* _What you are asked to do_:
Repeat every record below exactly, leaving out the pictures.

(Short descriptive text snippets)
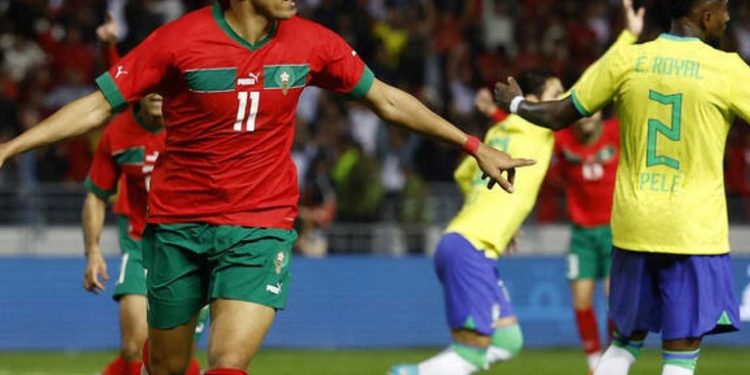 Marruecos alarga su 'modo Mundial' y sorprende a Brasil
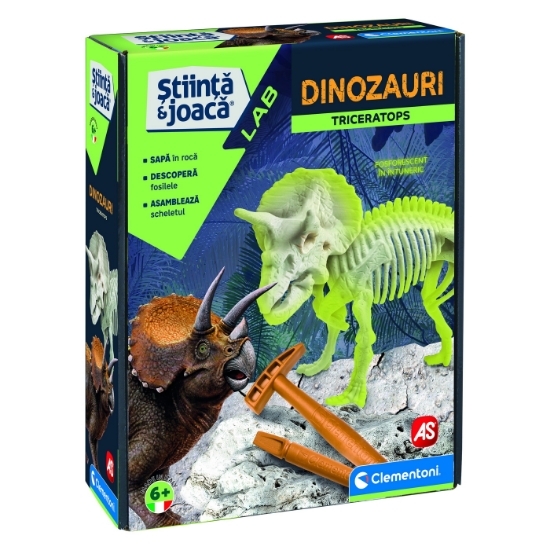 Imagine DESCOPERA DINOZAURUL TRICERATOPS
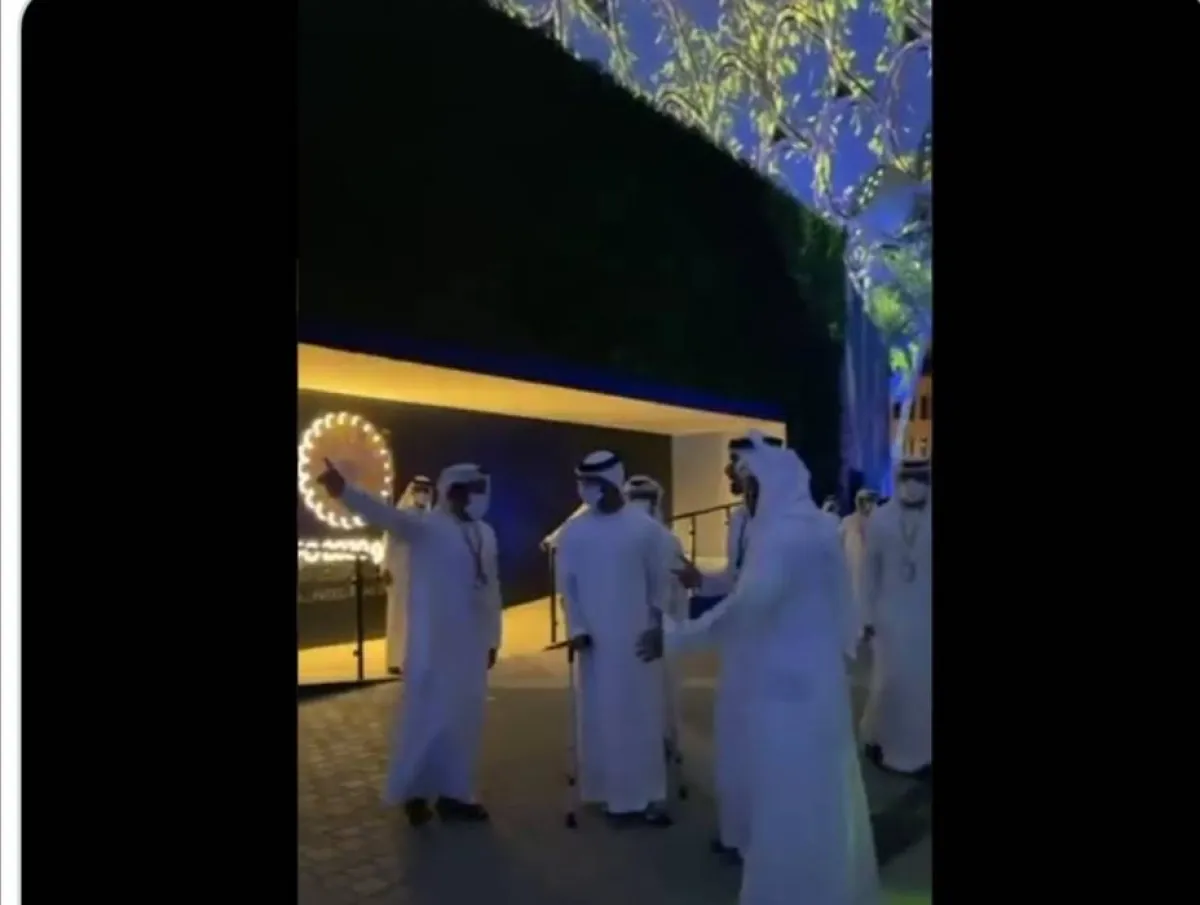 أول ظهور للشيخ زايد بن حمدان آل نهيان بعد تعافيه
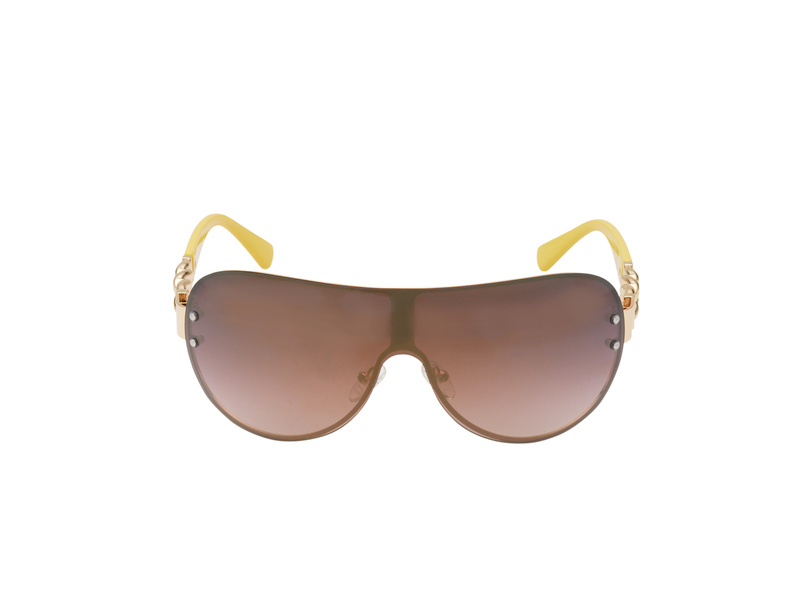 Okulary GUESS GO00037-0032C. Okulary przeciwsłoneczne, Kolor złoty. Kobieta.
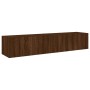 Muebles TV de pared luces LED 2 uds marrón roble 80x35x31 cm de , Muebles TV - Ref: Foro24-837294, Precio: 120,03 €, Descuent...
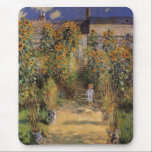 Der Künstlergarten in Vetheuil von Claude Monet Mousepad<br><div class="desc">Der Artist's Garden at Vetheuil (1880) von Claude Monet ist ein Vintager Impressionismus feine Kunst Blumenmalerei. Ein junges Mädchen wird während der Sommersaison von großen, blühenden Blume mit gelben Sonnenblumen begleitet. Ein Kind ist auf einem Weg im Pariser Garten von Monet in Vetheuil stehend. Über den Künstler:Claude Monet (1840-1926) war...</div>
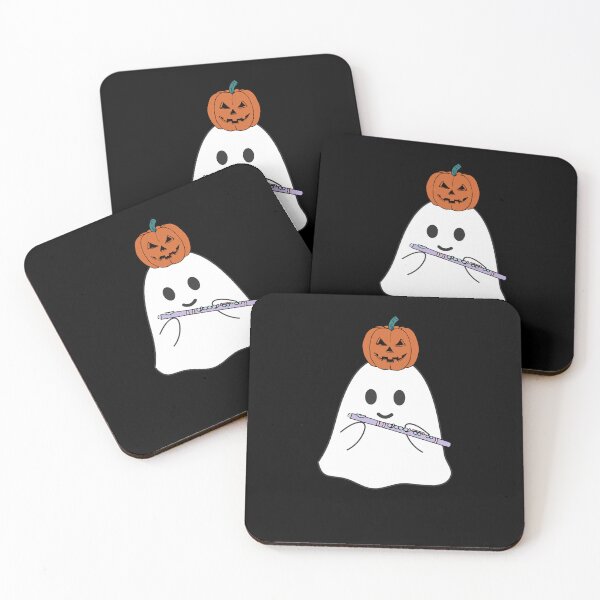 Item preview, Cute Boo Flute Player For Flautist And Orchestra Musician On Halloween Days designed and sold by Funwithmusic.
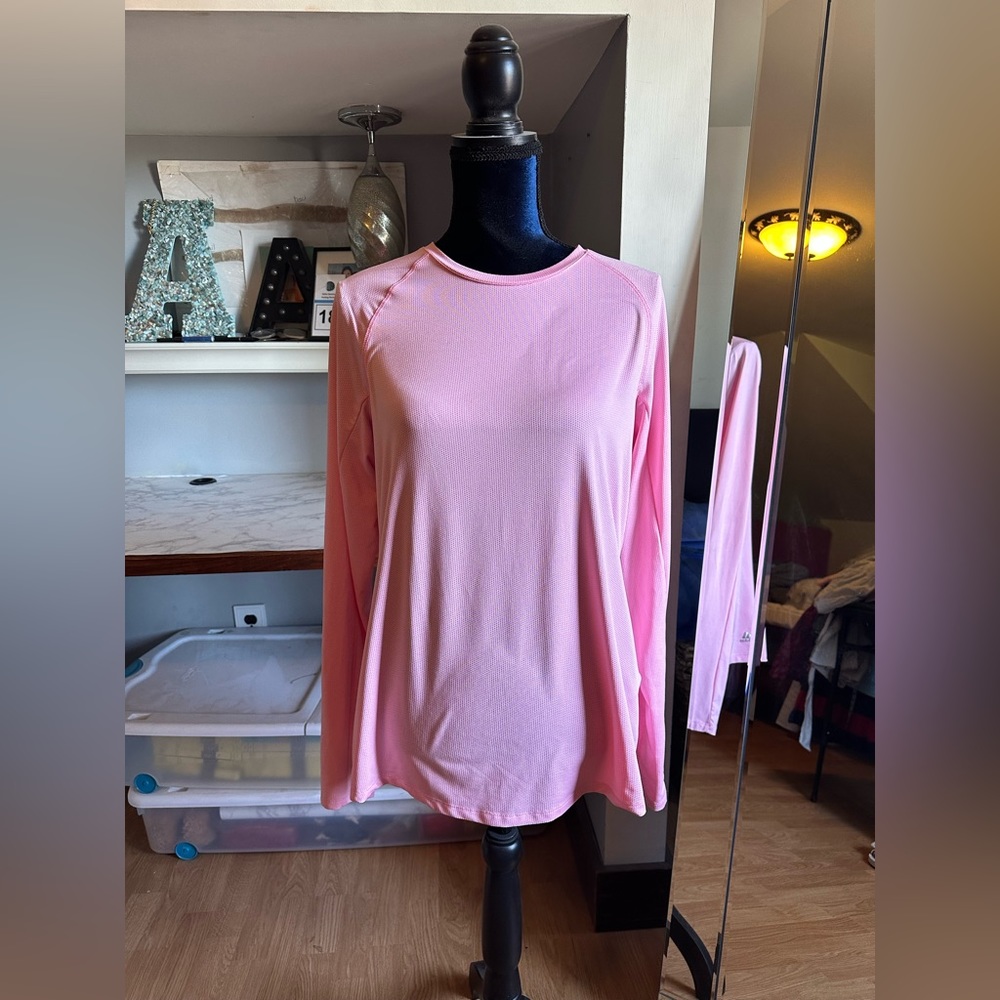 Long sleeve golf shirt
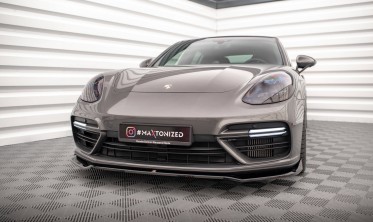 Диффузор на передний бампер Porsche Panamera Turbo S E-Hybrid 971 вер. 2 фото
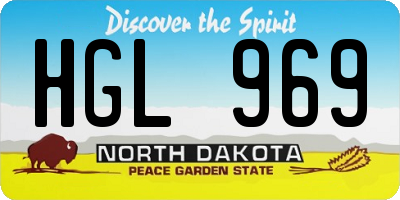 ND license plate HGL969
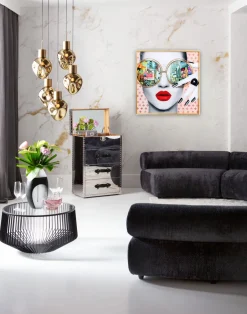 KARE Gerahmtes Bild Times Square View 80x80cm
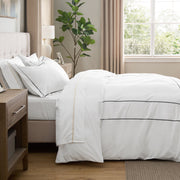 Cotton Embroidered Hotel Duvet Cover Set
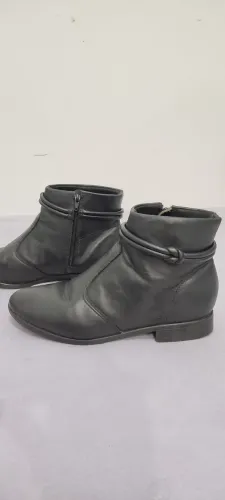 Bota de couro preta - n°37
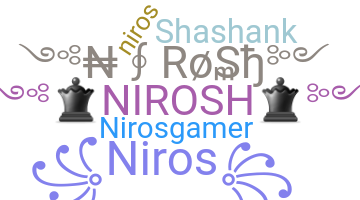 暱稱 - Nirosh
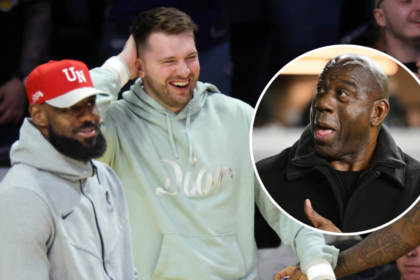 Magic Johnson is eager to see 'NBA's most exciting player' test Luka Doncic-LeBron James led LA Lakers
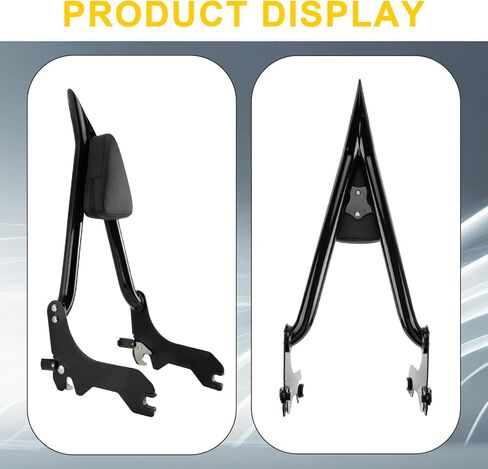 PSLER 25 بوصة الركاب الخلفي Sissy Bar Back Assembly ، إطار فولاذي مع حشو عالي الكثافة ، يناسب ناعم 2018-2025 FLDE ، FLHC ، FLHCS ، FLSL ، FXBB ، FXBBS ، FXST ، Black in Saudi Arabia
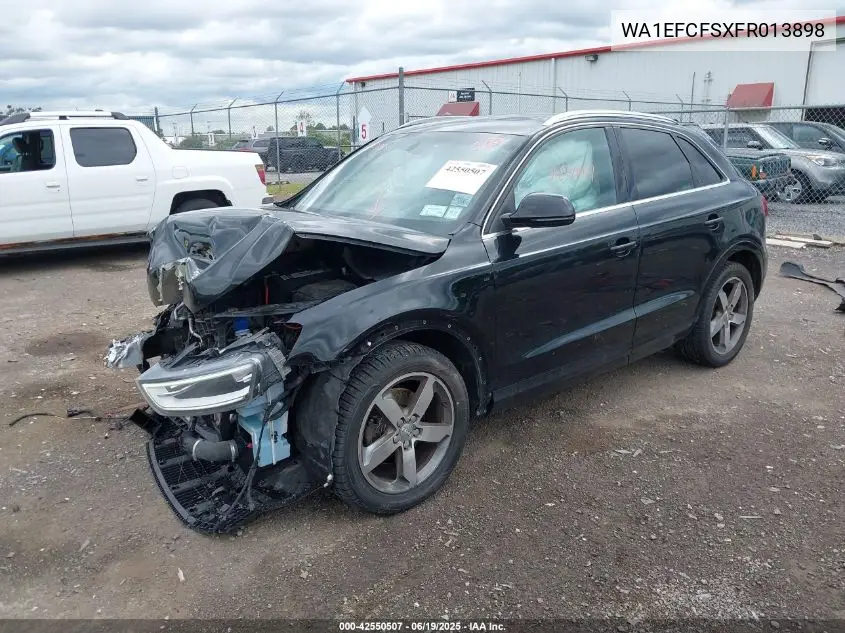 2015 Audi Q3 2.0T Premium Plus VIN: WA1EFCFSXFR013898 Lot: 42550507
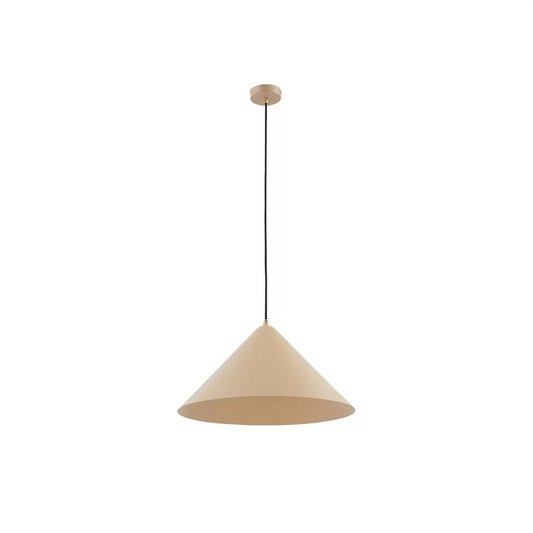 Lindby hengiljós í B-flokki, Clarine Beige, ø 50 cm, málmloftlampi, ljóskastari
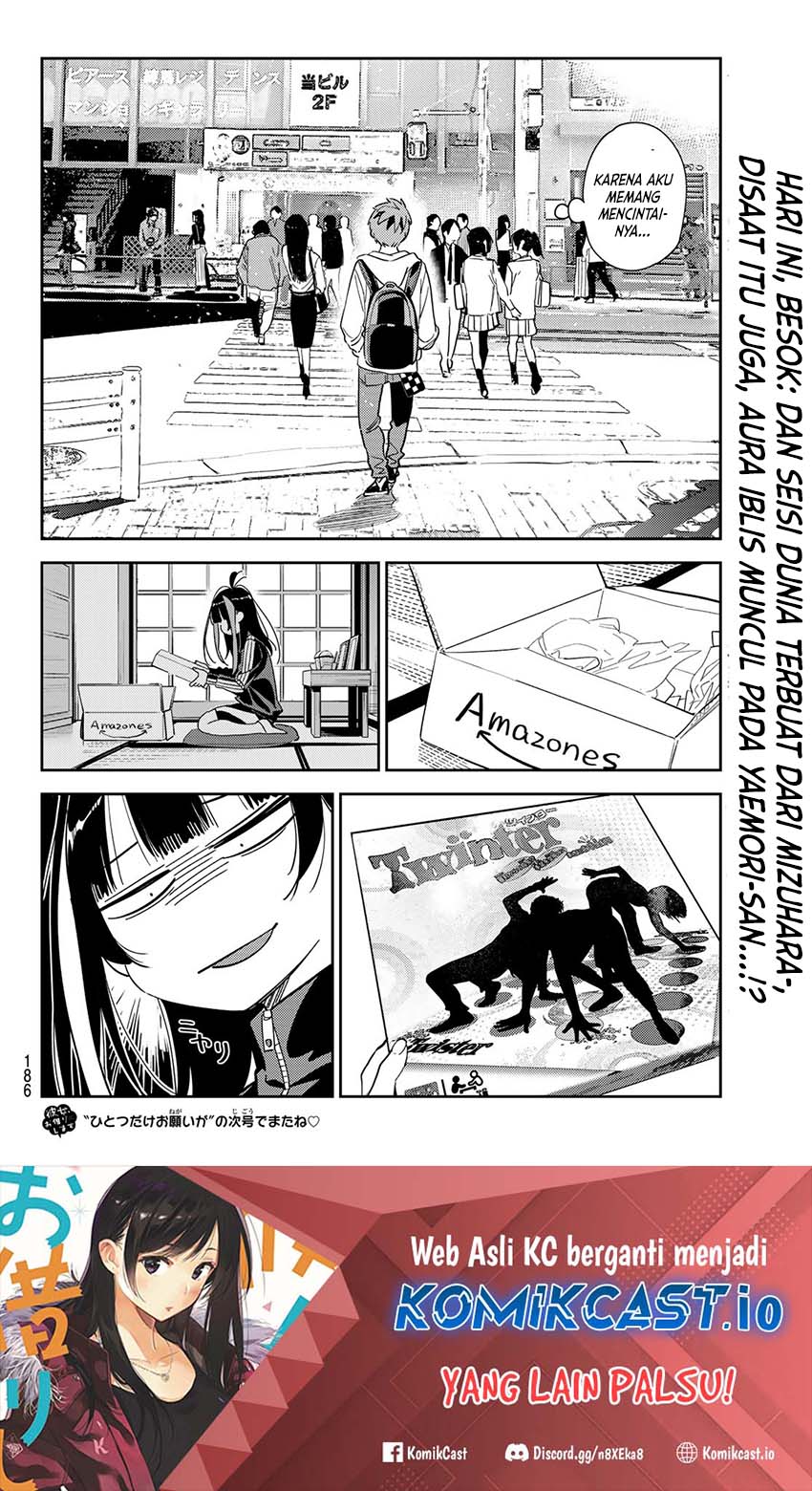 Kanojo, Okarishimasu Chapter 283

* _Output of the exercise_:
 Marruecos alarga su 'modo Mundial' y sorprende a Brasil
 Imagine DESCOPERA DINOZAURUL TRICERATOPS
 أول ظهور للشيخ زايد بن حمدان آل نهيان بعد تعافيه
 Okulary GUESS GO00037-0032C. Okulary przeciwsłoneczne, Kolor złoty. Kobieta.
 Muebles TV de pared luces LED 2 uds marrón roble 80x35x31 cm de , Muebles TV - Ref: Foro24-837294, Precio: 120,03 €, Descuent...
 Der Künstlergarten in Vetheuil von Claude Monet Mousepad<br><div class="desc">Der Artist's Garden at Vetheuil (1880) von Claude Monet ist ein Vintager Impressionismus feine Kunst Blumenmalerei. Ein junges Mädchen wird während der Sommersaison von großen, blühenden Blume mit gelben Sonnenblumen begleitet. Ein Kind ist auf einem Weg im Pariser Garten von Monet in Vetheuil stehend. Über den Künstler:Claude Monet (1840-1926) war...</div>
 Item preview, Cute Boo Flute Player For Flautist And Orchestra Musician On Halloween Days designed and sold by Funwithmusic.
 Long sleeve golf shirt
 Диффузор на передний бампер Porsche Panamera Turbo S E-Hybrid 971 вер. 2 фото
 ND license plate HGL969
 KARE Gerahmtes Bild Times Square View 80x80cm
 Cotton Embroidered Hotel Duvet Cover Set
 Bota de couro preta - n°37
 暱稱 - Nirosh
 Magic Johnson is eager to see 'NBA's most exciting player' test Luka Doncic-LeBron James led LA Lakers
 PSLER 25 بوصة الركاب الخلفي Sissy Bar Back Assembly ، إطار فولاذي مع حشو عالي الكثافة ، يناسب ناعم 2018-2025 FLDE ، FLHC ، FLHCS ، FLSL ، FXBB ، FXBBS ، FXST ، Black in Saudi Arabia
 2015 Audi Q3 2.0T Premium Plus VIN: WA1EFCFSXFR013898 Lot: 42550507
 Lindby hengiljós í B-flokki, Clarine Beige, ø 50 cm, málmloftlampi, ljóskastari
 Kanojo, Okarishimasu Chapter 283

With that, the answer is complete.